== Directions for this task ==
Your answer should be the exact lines of the data below from the one containing "Maximize your closet" through the one containing "Holiday Inn Motel主图"; please include nothing else.

(Beginning of Entries provided)

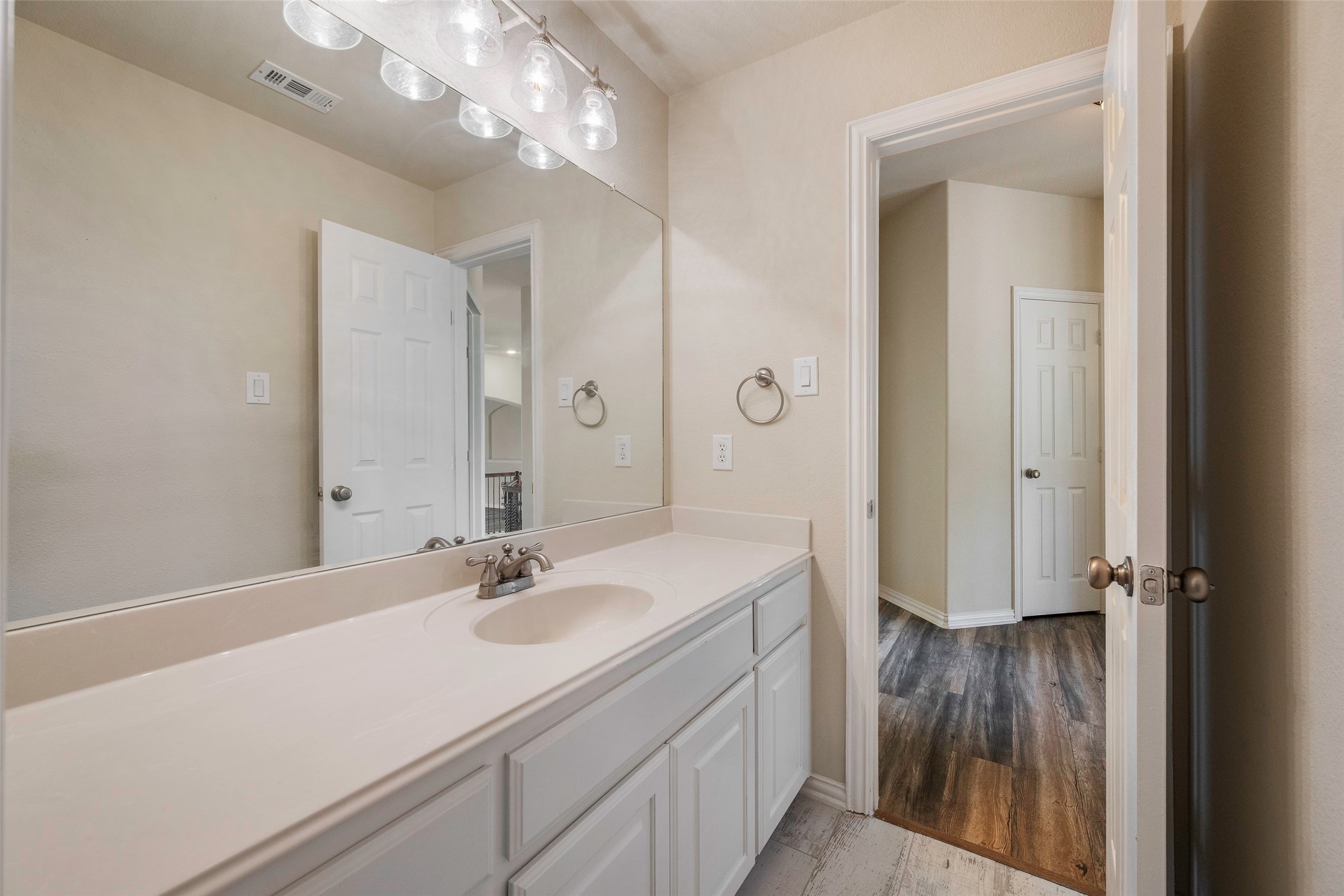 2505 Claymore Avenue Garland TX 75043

(End of Entries provided)
(Beginning of Entries provided)

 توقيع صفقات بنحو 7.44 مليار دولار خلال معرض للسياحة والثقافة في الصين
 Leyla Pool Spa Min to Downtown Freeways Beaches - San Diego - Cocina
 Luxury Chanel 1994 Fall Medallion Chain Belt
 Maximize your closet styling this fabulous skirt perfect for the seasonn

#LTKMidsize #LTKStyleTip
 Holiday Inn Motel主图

(End of Entries provided)

== Answer to this exercise ==
 Maximize your closet styling this fabulous skirt perfect for the seasonn

#LTKMidsize #LTKStyleTip
 Holiday Inn Motel主图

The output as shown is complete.